The full `faith and credit' hook on which this bill is based is nothing less than a legal charade. The second sentence of the full faith and credit clause merely grants Congress the authority to specify how certain acts , records, and judicial proceedings may be authenticated. There is nothing in the full faith and credit clause which permits Congress to place a break on the application of sister States policies, as opposed to their judgments. Enacting a law of the nature before us today would be nothing less than unprecedented.

Given these problems, why are we acting today? Why has a bill gone from introduction, to hearing, to subcommittee, full committee, and now the floor in a mere two month's time? The only possible answer is that Republicans are intent on creating a political issue completely out of thin air so they can demonize gay and lesbian individuals and further divide the American people.

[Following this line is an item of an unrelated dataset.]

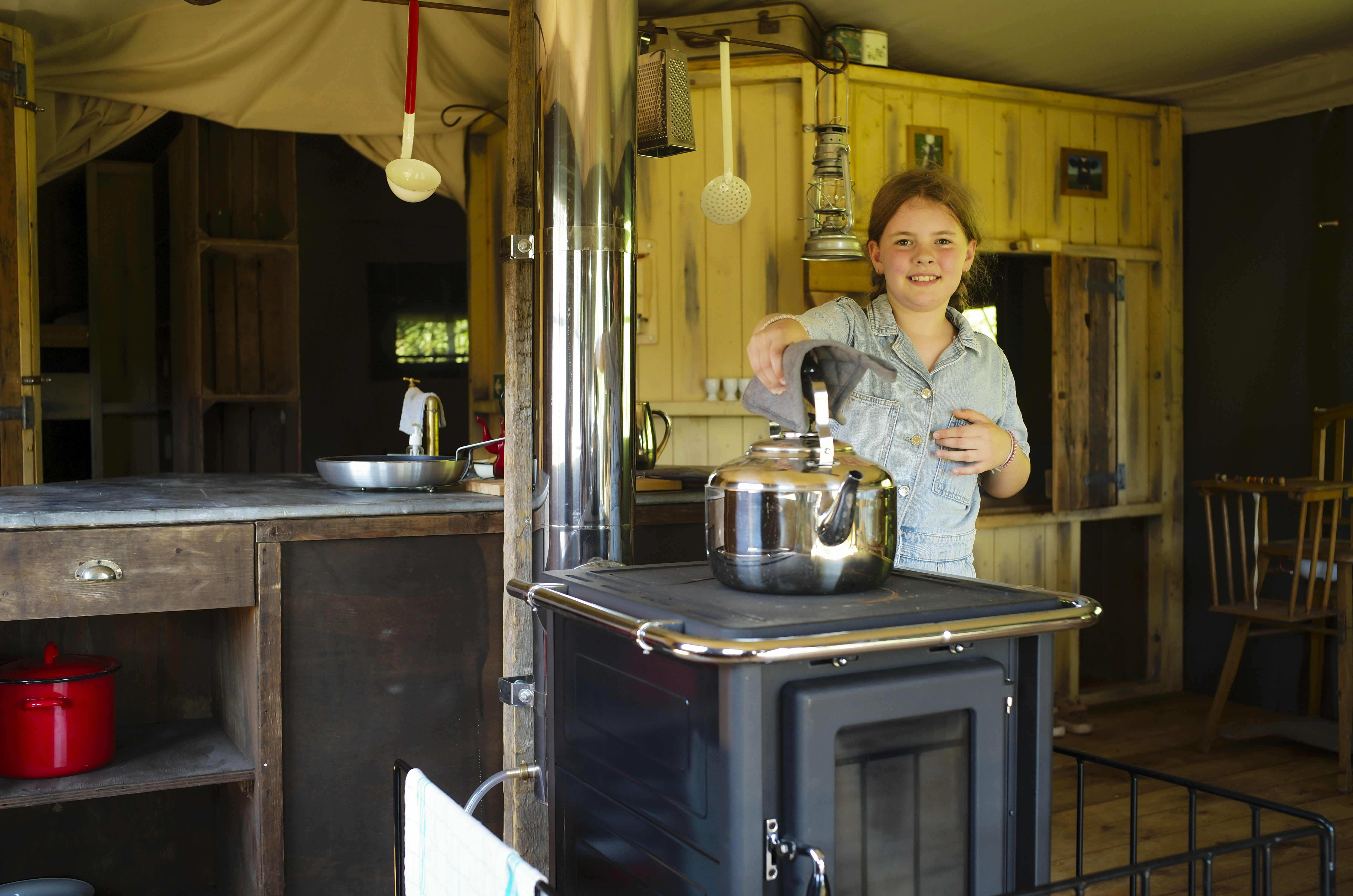 Petite fille qui soulève une théière au-dessus du poêle à bois dans le lodge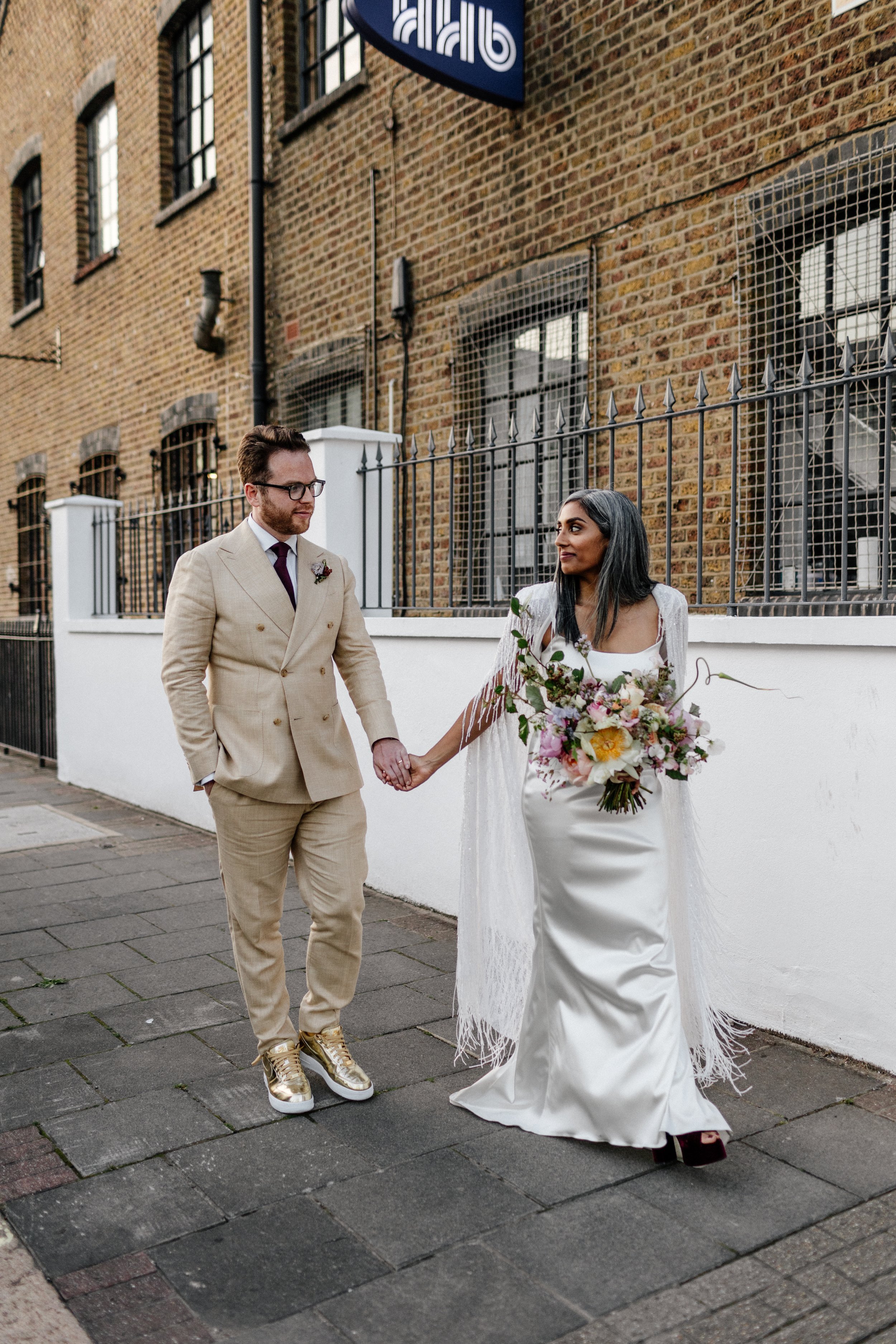 Beautiful bride Rebecca wore a wedding dress and beaded cape by Halfpenny London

The Contract with America has been a flop, the Republican party is behind in the polls, and their leadership is desperately trying to manufacture `wedge' political issues. If there were any other reason, they would slow this bill down, wait for the courts and the State of Hawaii to act , and seriously analyze the legal implications of what they are doing.

Fortunately, I don't think the American people will be fooled by this legislative red herring. They want real solutions that improve their every day lives, not legislative placebos. This is legislation by mob rule and is wrong.


Mr. LEWIS of Georgia. Mr. Chairman, I want to thank my friend and colleague for yielding me the time.

Let me say to the gentleman that when I was growing up in the south during the 1940s and the 1950s, the great majority of the people in that region believed that black people should not be able to enter places of public accommodation, and they felt that black people should not be able to register to vote, and many people felt that was right but that was wrong. I think as politicians, as elected officials, we should not only follow but we must lead, lead our districts, not put our fingers into the wind to see which way the air is blowing but be leaders.

Mr. Chairman, this is a mean bill. It is cruel. This bill seeks to divide our nation, turn Americans against Americans, sew the seeds of fear, hatred and intolerance. Let us remember the Preamble of the Declaration of Independence: We hold these truths self-evident that all people are endowed by their creator with certain inalienable rights. Among these are life, liberty and the pursuit of happiness.

This bill is a slap in the face of the Declaration of Independence. It denies gay men and women the right to liberty and the pursuit of happiness. Marriage is a basic human right. You cannot tell people they cannot fall in love. Dr. Martin Luther King, Jr. used to say when people talked about interracial marriage and I quote, "Races do not fall in love and get married. Individuals fall in love and get married."

Why do you not want your fellow men and women, your fellow Americans to be happy? Why do you attack them? Why do you want to destroy the love they hold in their hearts? Why do you want to crush their hopes, their dreams, their longings, their aspirations?

We are talking about human beings, people like you, people who want to get married, buy a house, and spend their lives with the one they love. They have done no wrong.

I will not turn my back on another American. I will not oppress my fellow human being. I have fought too hard and too long against discrimination based on race and color not to stand up against discrimination based on sexual orientation.

Mr. Chairman, I have known racism. I have known bigotry. This bill stinks of the same fear, hatred and intolerance. It should not be called the Defense of Marriage Act. It should be called the defense of mean-spirited bigots act.

I urge my colleagues to oppose this bill, to have the courage to do what is right. This bill appeals to our worst fears and emotions. It encourages hatred of our fellow Americans for political advantage. Every word, every purpose, every message is wrong. It is not the right thing to do, to divide Americans.

We are moving toward the 21st century. Let us come together and create one nation, one people, one family, one house, the American house, the American family, the American nation.